For $n = 1$, it is seen that:

$F_1 \left({x}\right) = x$

fulfils the propositions.

For $n = 2$:

$F_2 \left({x}\right) = x^2 - 2$

For $n > 2$:

 $\displaystyle 2 \cos \left({n - 1}\right) t \cos t$ $=$ $\displaystyle \cos n t + \cos \left({n - 2}\right) t$ $\displaystyle \implies \ \$ $\displaystyle 2 \cos n t$ $=$ $\displaystyle \left({2 \cos \left({n - 1}\right) t}\right) \left({2 \cos t}\right) - 2 \cos \left({n - 2}\right) t$ $\displaystyle$ $=$ $\displaystyle 2 \cos t F_{n - 1} \left({2 \cos t}\right) - F_{n - 2} \left({2 \cos t}\right)$

so:

$F_n \left({x}\right) = x F_{n - 1} \left({x}\right) - F_{n - 2} \left({x}\right) \in \Z \left[{x}\right]$

will fulfil:

$F_n \left({2 \cos t}\right) = 2 \cos n t$

Because $\deg F_{n - 1} = n - 1$ and $\deg F_{n - 2} = n - 2$, we can conclude that:

$\deg F_n = \deg \left({x F_{n - 1} \left({x}\right) - F_{n - 2} \left({x}\right)}\right) = n$

In addition, the leading coefficient of $F_n$ is equal to the leading coefficient of $F_{n - 1}$, which is $1$.

Hence the lemma.

$\Box$

Suppose that $\dfrac \theta \pi$ is rational, meaning:

$\theta = \dfrac {2 \pi k} n$

where $k, n \in \Z$ and $n \ge 1$.

Suppose also that $\cos \theta \in \Q$.

Denoting $c = 2 \cos \theta \in \Q$, we get:

$F_n \left({c}\right) = F_n \left({2 \cos \dfrac {2 \pi k} n}\right) = 2 \cos \left({2 \pi k}\right) = 2$

So $c$ is a rational root of $F_n \left({x}\right) - 2$, which is a monic polynomial with integer coefficients.

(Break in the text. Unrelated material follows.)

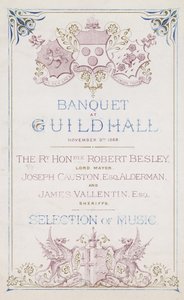 Zaproszenie na bankiet w Guildhall w Londynie 9 listopada 1869 r autorstwa English School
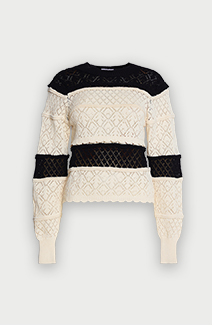 pointelle knit scallop detail jumper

By Rational Root Theorem, $c$ must be an integer.

But:

$\left\vert{c}\right\vert = \left\vert{2 \cos \theta}\right\vert \le 2$

so:

$c \in \left\{ {-2, -1, 0, 1, 2}\right\}$

Assuming that $0 \le \theta \le \dfrac \pi 2$, we get that:

$\theta \in \left\{ {0, \dfrac \pi 3, \dfrac \pi 2}\right\}$

Thus for any $\theta$ in the range $0 \le \theta \le \dfrac \pi 2$ such that both $\dfrac \theta \pi$ and $\cos \theta$ are rational, then:

$\theta \in \left\{ {0, \dfrac \pi 3, \dfrac \pi 2}\right\}$

Instead of the above, suppose that:

$0 \le \alpha \le \dfrac \pi 2$

and both of $\dfrac \alpha \pi$ and $\sin \alpha$ are rational.

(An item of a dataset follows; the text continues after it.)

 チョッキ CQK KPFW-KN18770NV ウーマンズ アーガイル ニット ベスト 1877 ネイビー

Then we can denote $\theta = \dfrac \pi 2 - \alpha$ and get that:

$0 \le \theta \le \dfrac \pi 2$
$\dfrac \theta \pi \in Q$
$\cos \theta \in \Q$

So:

$\dfrac \pi 2 - \alpha = \theta \in \left\{ {0, \dfrac \pi 3, \dfrac \pi 2}\right\}$

therefore:

$\alpha \in \left\{ {0, \dfrac \pi 6, \dfrac \pi 2}\right\}$

$\blacksquare$

## Source of Name

This entry was named for Ivan Morton Niven.

It is suspected that this result is considerably older, and may date back as far as Charles Hermite.